(07-29-2014 03:53 PM)StephenR Wrote: so here is a response from my sleep tech on the stats I sent her:
"you have to remember these app sites are not true reflections of your therapy efficacy. Manufacturer software program have specialized algorithm to measure your indices.
There is some truth to this. Neither the Resmed FOT nor the PR PP algorithms are the same as scoring CAs on a real PSG. Nonetheless, your data is showing a lot of CAs scored and it would have been useful for the tech to have actually looked at some detailed
data as well as the summary data you post.
Quote:It is common to have elevated CA's on CPAP, this is due to the exchange of gases that is occurring now that didn't previously. With a set pressure and time on therapy, CA's will stabilize. Also, remember there is night to night variances and occasionally you can have a night with increased CA but it is usually not long term.
This is also true. But the question is what does "long term" mean to the tech. you've been PAPing now for over a month and usually if this is all that's going on, the CA will start to go (way) down by the end of the first month or so.
Quote:I looked at each of your nights usage from July 23-28th, with the exception of July 27 & 28, your CA levels have been good (<10). The fact that your CA's are not constantly elevated means this is not Central Apnea.
First statement SHOULD be questioned: Why is the tech choosing to draw the line at a CAI = 10 rather than 5 given that you are feeling exhausted and sleepy?
Second statement probably is true: If you really had a problem with Central Apnea, your CAI probably would have remained exceptionally high on every single night. Unless there's a pressure threshold that is triggering the CAs, and you only go over that threshold sometimes
. And in that case, what you are looking at is more properly called Complex Sleep Apnea rather than Central Sleep Apnea.
Quote:I will lower your pressure as your obstructive closures are within normal range and see how you feel after a few nights."

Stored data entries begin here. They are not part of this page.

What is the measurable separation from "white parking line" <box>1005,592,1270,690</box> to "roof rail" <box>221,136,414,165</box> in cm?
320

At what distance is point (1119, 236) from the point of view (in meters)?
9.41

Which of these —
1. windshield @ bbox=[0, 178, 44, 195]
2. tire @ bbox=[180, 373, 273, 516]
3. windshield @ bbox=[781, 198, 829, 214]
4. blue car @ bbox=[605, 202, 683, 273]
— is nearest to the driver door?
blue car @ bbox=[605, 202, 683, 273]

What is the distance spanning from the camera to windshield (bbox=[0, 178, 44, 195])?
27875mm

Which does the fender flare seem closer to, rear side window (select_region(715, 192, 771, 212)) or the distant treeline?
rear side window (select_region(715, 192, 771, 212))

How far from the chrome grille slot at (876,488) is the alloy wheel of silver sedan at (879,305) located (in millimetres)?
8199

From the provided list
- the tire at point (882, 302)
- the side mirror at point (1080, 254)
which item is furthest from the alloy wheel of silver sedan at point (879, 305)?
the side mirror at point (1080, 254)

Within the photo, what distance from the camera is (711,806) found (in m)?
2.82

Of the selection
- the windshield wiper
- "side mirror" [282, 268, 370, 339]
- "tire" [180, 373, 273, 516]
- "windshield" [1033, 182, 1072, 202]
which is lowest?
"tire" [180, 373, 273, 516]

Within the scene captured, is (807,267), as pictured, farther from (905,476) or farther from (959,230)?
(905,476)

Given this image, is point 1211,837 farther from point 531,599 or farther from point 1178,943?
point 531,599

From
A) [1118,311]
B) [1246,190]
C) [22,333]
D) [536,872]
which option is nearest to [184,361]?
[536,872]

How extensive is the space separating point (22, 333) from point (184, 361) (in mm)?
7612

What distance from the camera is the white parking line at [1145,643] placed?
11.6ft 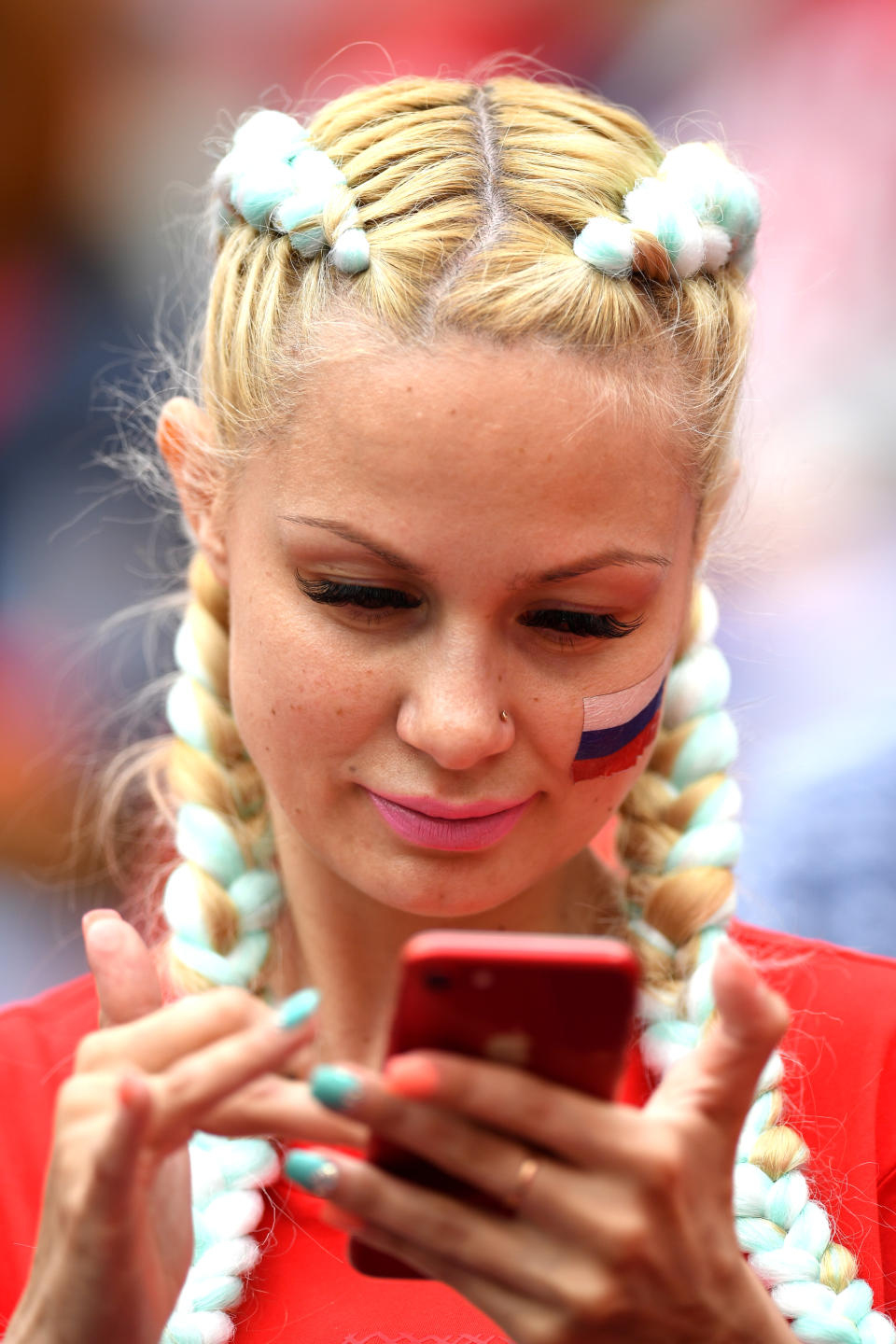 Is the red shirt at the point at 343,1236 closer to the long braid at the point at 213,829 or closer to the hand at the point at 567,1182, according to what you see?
the long braid at the point at 213,829

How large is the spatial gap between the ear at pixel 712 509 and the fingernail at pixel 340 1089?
0.79 metres

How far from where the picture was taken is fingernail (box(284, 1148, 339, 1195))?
898 mm

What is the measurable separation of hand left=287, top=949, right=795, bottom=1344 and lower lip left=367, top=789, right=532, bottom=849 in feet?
1.31

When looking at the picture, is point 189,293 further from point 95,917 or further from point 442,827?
point 95,917

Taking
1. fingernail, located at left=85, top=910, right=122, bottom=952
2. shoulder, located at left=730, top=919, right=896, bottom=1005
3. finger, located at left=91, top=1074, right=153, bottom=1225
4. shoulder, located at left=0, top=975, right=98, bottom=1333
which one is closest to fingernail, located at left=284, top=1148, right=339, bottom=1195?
finger, located at left=91, top=1074, right=153, bottom=1225

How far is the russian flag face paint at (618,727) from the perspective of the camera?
4.31 ft

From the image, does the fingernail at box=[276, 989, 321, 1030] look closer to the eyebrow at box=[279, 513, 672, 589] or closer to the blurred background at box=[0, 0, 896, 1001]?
the eyebrow at box=[279, 513, 672, 589]

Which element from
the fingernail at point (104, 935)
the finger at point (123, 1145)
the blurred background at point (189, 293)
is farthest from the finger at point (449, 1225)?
the blurred background at point (189, 293)

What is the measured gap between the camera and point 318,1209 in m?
1.41

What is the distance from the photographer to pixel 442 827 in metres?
1.29

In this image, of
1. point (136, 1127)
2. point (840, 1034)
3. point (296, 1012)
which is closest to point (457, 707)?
point (296, 1012)

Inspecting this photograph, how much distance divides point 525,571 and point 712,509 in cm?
37

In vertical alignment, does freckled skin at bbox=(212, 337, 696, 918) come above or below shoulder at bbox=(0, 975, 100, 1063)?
above

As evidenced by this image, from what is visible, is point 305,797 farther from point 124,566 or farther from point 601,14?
point 601,14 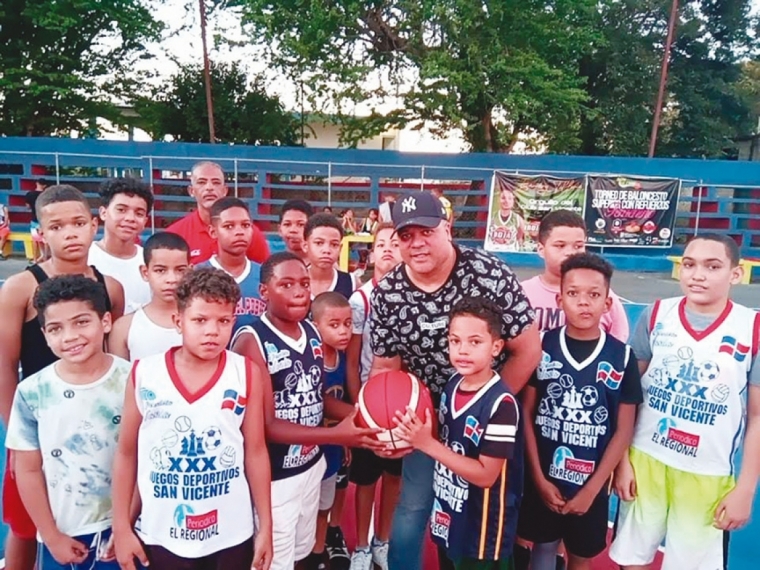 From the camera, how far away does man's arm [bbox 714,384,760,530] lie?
2453mm

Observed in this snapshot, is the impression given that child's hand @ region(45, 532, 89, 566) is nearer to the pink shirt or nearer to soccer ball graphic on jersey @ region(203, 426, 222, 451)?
soccer ball graphic on jersey @ region(203, 426, 222, 451)

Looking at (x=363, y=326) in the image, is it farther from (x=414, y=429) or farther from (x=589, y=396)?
(x=589, y=396)

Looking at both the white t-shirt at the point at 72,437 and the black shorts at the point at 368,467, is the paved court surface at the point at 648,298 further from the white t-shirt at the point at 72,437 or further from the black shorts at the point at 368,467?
the white t-shirt at the point at 72,437

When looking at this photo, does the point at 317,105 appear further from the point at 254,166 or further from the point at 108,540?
the point at 108,540

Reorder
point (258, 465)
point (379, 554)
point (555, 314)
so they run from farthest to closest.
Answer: point (379, 554)
point (555, 314)
point (258, 465)

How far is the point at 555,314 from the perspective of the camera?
3010 mm

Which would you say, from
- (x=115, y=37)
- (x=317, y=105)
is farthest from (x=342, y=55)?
(x=115, y=37)

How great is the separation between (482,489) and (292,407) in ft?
2.77

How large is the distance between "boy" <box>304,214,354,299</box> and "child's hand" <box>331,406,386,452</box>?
42.9 inches

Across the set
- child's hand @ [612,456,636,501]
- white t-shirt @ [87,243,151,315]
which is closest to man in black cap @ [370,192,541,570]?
child's hand @ [612,456,636,501]

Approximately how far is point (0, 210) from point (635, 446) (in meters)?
15.3

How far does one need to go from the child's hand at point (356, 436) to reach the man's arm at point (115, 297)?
1145mm

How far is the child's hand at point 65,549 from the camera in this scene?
2211 millimetres

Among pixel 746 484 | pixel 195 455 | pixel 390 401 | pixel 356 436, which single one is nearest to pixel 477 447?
pixel 390 401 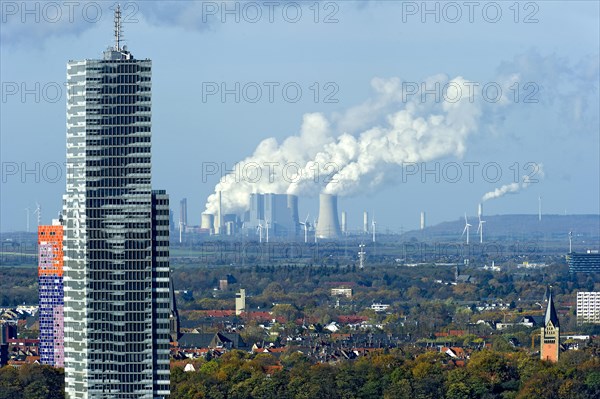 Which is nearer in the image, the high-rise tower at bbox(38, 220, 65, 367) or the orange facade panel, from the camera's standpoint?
the orange facade panel

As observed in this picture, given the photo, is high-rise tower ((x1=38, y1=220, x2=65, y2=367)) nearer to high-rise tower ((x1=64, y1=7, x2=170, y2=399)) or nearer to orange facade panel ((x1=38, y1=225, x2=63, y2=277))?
orange facade panel ((x1=38, y1=225, x2=63, y2=277))

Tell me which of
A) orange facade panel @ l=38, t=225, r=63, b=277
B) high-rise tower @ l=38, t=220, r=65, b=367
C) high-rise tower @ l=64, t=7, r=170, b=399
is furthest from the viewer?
high-rise tower @ l=38, t=220, r=65, b=367

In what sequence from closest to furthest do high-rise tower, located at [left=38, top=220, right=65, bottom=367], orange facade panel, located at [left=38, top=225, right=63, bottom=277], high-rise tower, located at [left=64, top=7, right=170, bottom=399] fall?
high-rise tower, located at [left=64, top=7, right=170, bottom=399], orange facade panel, located at [left=38, top=225, right=63, bottom=277], high-rise tower, located at [left=38, top=220, right=65, bottom=367]

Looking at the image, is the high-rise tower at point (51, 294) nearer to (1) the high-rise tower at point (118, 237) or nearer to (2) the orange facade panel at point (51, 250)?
(2) the orange facade panel at point (51, 250)

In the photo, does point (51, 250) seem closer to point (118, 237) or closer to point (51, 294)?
point (51, 294)

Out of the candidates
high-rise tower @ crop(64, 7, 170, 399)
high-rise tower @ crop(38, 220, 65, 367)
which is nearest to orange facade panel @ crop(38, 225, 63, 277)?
high-rise tower @ crop(38, 220, 65, 367)

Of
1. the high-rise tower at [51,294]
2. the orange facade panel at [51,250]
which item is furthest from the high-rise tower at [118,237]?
the high-rise tower at [51,294]

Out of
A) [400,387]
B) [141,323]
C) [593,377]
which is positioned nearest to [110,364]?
[141,323] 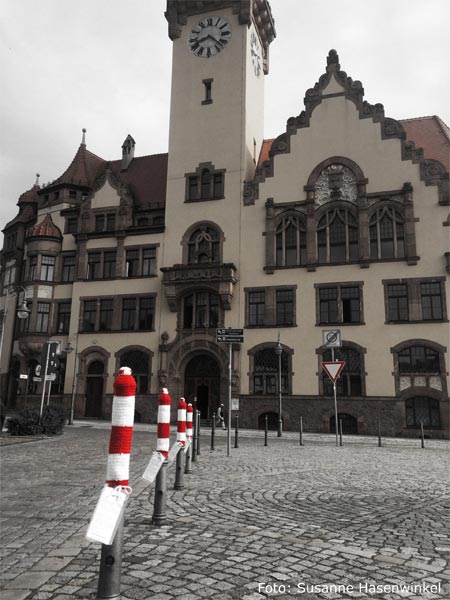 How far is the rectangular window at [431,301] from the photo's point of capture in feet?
87.8

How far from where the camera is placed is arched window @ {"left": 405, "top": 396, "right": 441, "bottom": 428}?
2609 centimetres

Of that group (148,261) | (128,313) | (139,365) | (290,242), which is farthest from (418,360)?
(128,313)

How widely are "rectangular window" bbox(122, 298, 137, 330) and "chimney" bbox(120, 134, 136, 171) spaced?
44.3ft

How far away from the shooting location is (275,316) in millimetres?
29797

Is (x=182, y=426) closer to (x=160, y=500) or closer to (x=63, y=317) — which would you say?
(x=160, y=500)

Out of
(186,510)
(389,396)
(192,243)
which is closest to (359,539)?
(186,510)

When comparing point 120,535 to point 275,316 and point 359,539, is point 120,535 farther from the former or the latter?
point 275,316

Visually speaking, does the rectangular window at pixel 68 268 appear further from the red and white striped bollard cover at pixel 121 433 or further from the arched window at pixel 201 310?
the red and white striped bollard cover at pixel 121 433

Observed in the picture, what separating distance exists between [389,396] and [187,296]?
517 inches

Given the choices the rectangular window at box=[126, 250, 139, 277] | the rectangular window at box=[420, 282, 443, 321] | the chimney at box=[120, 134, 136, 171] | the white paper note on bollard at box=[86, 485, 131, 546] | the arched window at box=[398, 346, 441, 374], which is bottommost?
the white paper note on bollard at box=[86, 485, 131, 546]

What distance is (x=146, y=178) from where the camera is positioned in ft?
130

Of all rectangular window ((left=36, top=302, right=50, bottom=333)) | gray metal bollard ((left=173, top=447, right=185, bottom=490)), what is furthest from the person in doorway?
gray metal bollard ((left=173, top=447, right=185, bottom=490))

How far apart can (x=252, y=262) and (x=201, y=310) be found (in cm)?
426

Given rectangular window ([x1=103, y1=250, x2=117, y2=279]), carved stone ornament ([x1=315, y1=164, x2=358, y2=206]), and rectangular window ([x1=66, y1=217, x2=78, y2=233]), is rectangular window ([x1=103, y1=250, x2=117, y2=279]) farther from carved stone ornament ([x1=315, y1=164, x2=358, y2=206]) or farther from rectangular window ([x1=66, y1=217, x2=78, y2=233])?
carved stone ornament ([x1=315, y1=164, x2=358, y2=206])
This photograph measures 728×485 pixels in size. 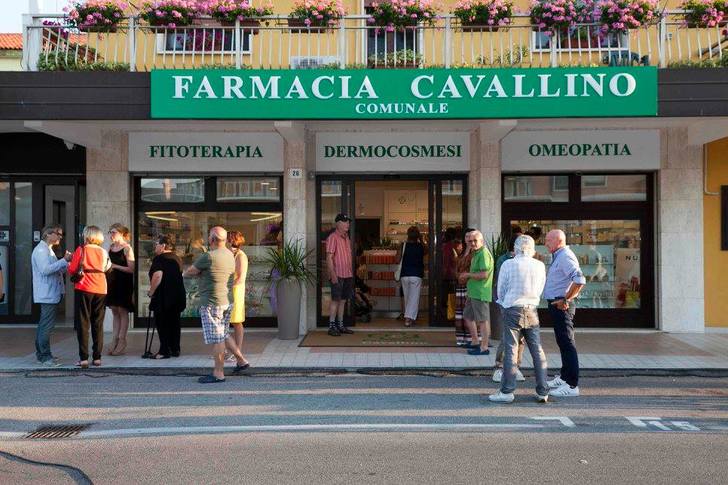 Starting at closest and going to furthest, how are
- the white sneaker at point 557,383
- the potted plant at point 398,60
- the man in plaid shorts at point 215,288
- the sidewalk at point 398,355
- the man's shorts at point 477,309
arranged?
the white sneaker at point 557,383 < the man in plaid shorts at point 215,288 < the sidewalk at point 398,355 < the man's shorts at point 477,309 < the potted plant at point 398,60

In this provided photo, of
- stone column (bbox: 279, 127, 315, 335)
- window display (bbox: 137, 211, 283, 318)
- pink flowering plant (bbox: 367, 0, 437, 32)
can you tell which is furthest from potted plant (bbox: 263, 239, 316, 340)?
pink flowering plant (bbox: 367, 0, 437, 32)

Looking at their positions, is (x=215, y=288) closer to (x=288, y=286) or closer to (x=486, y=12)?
(x=288, y=286)

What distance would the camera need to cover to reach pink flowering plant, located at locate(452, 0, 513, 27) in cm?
1066

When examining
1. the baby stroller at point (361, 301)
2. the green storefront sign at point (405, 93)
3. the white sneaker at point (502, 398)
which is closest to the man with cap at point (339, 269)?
the baby stroller at point (361, 301)

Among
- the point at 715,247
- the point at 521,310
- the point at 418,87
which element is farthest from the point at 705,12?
the point at 521,310

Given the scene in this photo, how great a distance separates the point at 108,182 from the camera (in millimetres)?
12062

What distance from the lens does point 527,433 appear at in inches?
234

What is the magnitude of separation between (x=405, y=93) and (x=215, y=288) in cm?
429

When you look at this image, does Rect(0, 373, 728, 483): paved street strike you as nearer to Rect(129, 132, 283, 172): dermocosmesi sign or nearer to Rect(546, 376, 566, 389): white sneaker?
Rect(546, 376, 566, 389): white sneaker

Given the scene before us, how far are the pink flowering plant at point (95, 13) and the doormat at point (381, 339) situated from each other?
19.0 ft

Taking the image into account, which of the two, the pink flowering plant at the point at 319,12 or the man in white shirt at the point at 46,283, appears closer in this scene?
the man in white shirt at the point at 46,283

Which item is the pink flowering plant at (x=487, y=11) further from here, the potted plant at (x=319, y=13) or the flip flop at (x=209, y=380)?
the flip flop at (x=209, y=380)

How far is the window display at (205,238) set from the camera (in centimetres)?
1239

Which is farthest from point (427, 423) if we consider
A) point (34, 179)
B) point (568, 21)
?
point (34, 179) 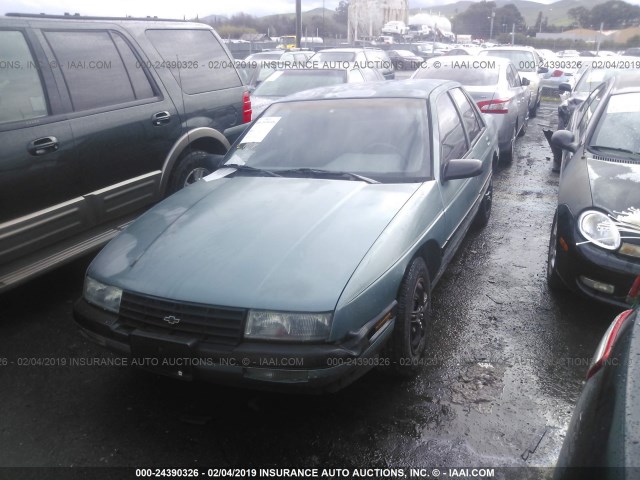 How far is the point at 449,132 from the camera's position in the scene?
394 centimetres

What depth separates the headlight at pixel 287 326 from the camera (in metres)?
2.28

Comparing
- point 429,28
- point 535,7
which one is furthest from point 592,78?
point 535,7

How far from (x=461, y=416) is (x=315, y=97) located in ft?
8.51

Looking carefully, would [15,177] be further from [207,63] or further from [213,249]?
[207,63]

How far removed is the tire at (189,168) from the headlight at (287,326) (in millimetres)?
2580

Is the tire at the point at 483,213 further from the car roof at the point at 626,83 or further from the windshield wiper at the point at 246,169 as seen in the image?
the windshield wiper at the point at 246,169

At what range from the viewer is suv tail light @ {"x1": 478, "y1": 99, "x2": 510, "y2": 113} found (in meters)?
7.50

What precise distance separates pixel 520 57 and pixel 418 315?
1300cm

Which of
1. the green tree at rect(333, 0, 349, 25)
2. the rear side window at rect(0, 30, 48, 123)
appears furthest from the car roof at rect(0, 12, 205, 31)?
the green tree at rect(333, 0, 349, 25)

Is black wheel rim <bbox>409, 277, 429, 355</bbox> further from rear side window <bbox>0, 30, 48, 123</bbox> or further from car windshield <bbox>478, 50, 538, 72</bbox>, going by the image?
car windshield <bbox>478, 50, 538, 72</bbox>

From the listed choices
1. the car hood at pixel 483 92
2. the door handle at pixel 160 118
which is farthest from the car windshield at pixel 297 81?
the door handle at pixel 160 118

This IS a reasonable thing to do. If the CAs are being caused by pressure, lowering the pressure should reduce the number of them. If the number of OAs and Hs does NOT go up when the pressure is lowered, then that's evidence that you were overtitrated in the first place, which is not that uncommon.
But here's the thing that I wish you had asked the tech to do: I wish the tech had looked at the detailed Flow rate data from one or two of the good nights and compared it to one or two of the bad nights.
In other words, I wish the tech were looking at something other than just the summary data for each night. Because:
1) Sometimes a lot of CAs can be scored at the beginning or end of the night when you're not really sleeping, but you're also only half awake. Likewise sometimes you see clusters of CAs at times when you remember being pretty restless during the night and "fighting" to get back to real sleep. These kinds of CAs would probably NOT be scored on a PSG (because you're not really asleep). And in this case, the best thing really is to assume that the CAs will likely disappear as the PAPer becomes more used to the equipment and starts falling asleep more quickly and more readily with PAP experience. And in this case, the continuing fatigue, exhaustion, sleepiness and/or brain fog may point to additional factors that are causing bad sleep
now that the OSA is technically under control. (Real CAs are not part of obstructive
2) Sometimes real
pressure induce centrals can be spotted from analyzing the Flow data that shows every breath you took. If there's a 30 minute (or more) period of waxing/waning breathing with CAs scored at the nadir of the cycle and it's not at a time when the person was apt to be semi awake, it's worth looking much more closely at the data on other nights for the same pattern AND it's worth listening to the patient's complaint that the exhaustion, fatigue, sleepiness, and/or brain fog is not getting better OR is getting worse. Because this is the kind of pattern that might not
simply get better with time. Prudent watchfulness of the data may be reasonable for another month or so, but if these kinds of patterns continue on more nights than not for 2 or 3 months, its time to start thinking about whether another sleep test is warranted so that if Complex Sleep Apnea might be a real issue that needs to be addressed by changing the PAP machine itself. And note that Complex Sleep Apnea is NOT the same as Central Sleep Apnea.
In other words, examining the Flow graph itself can go a long way in figuring out how likely the machine scored CAs are to be the real thing.
So if you want other patients' opinions on what your data looks like, you could post the Flow rate data from a good night and a bad night.